U17 WC Feb 2022 in India.
Hoping the schedule sticks this time!








						FIFA U-17 Women's World Cup India 2022™
					

FIFA U-17 Women's World Cup India 2022™




					www.fifa.com


----------



## MacDre (Mar 6, 2021)

Mexico has called their U-15’s up for a two week camp beginning Monday March 8, 2021.  A few of my daughters friends left Tijuana headed to Mexico City this morning.

Any word on upcoming programming for US YNT’s?


----------



## Soccerfan2 (Mar 6, 2021)

MacDre said:


> Mexico has called their U-15’s up for a two week camp beginning Monday March 8, 2021.  A few of my daughters friends left Tijuana headed to Mexico City this morning.
> 
> Any word on upcoming programming for US YNT’s?

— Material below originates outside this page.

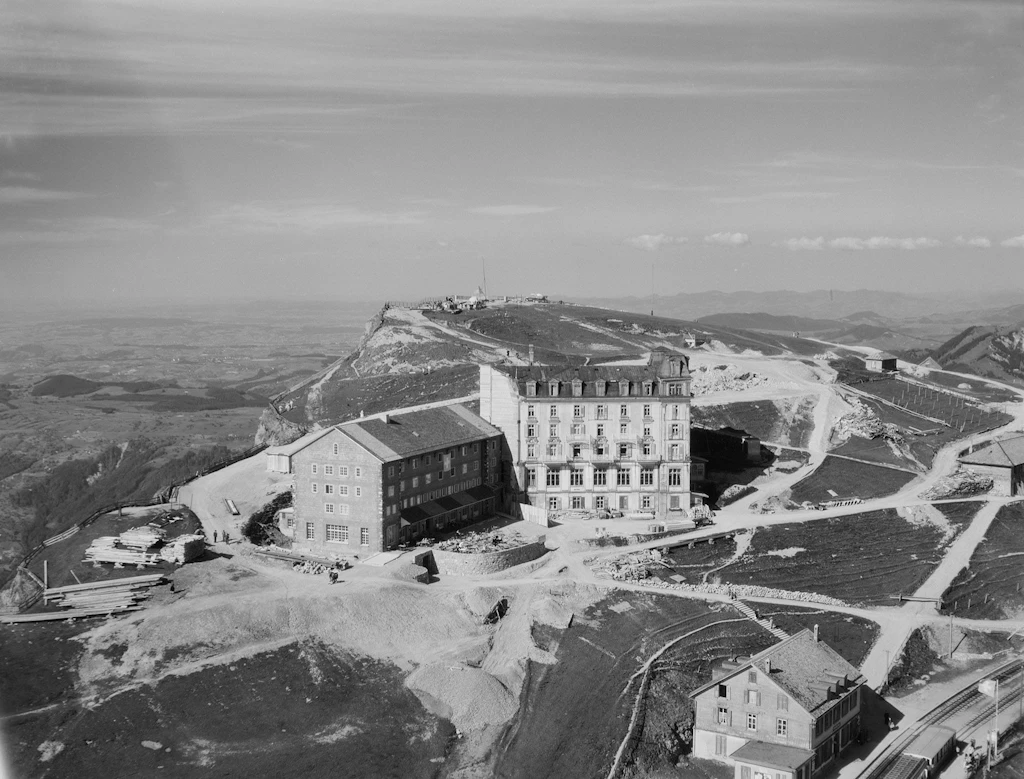 Veduta aerea del Rigi-Kulm con a destra la metà non ancora demolita del Grand Hotel Schreiber e a sinistra il nuovo hotel alpino, circondati da vari percorsi di accesso al cantiere e depositi di materiale (fotografia di Paul Zaugg, Soletta, 1952 circa)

In addition to virtual camps that got underway last month, there are 8 regional identification camps scheduled for 2021 starting with Dallas in March. That’s all that’s been announced so far. Not sure when training camps will restart.


----------



## sdb (Mar 6, 2021)

The Dallas event is this month and Top Drawer published the list for 05 girls.


----------



## kickingandscreaming (Mar 6, 2021)

sdb said:


> The Dallas event is this month and Top Drawer published the list for 05 girls.











						YNT Regional ID Dallas 2005 Roster | Club Soccer | Youth Soccer
					

The first YNT Regional Identification Center is scheduled to take place later this month in Dallas. Check out the roster for the U.S. Youth National Team scouting event.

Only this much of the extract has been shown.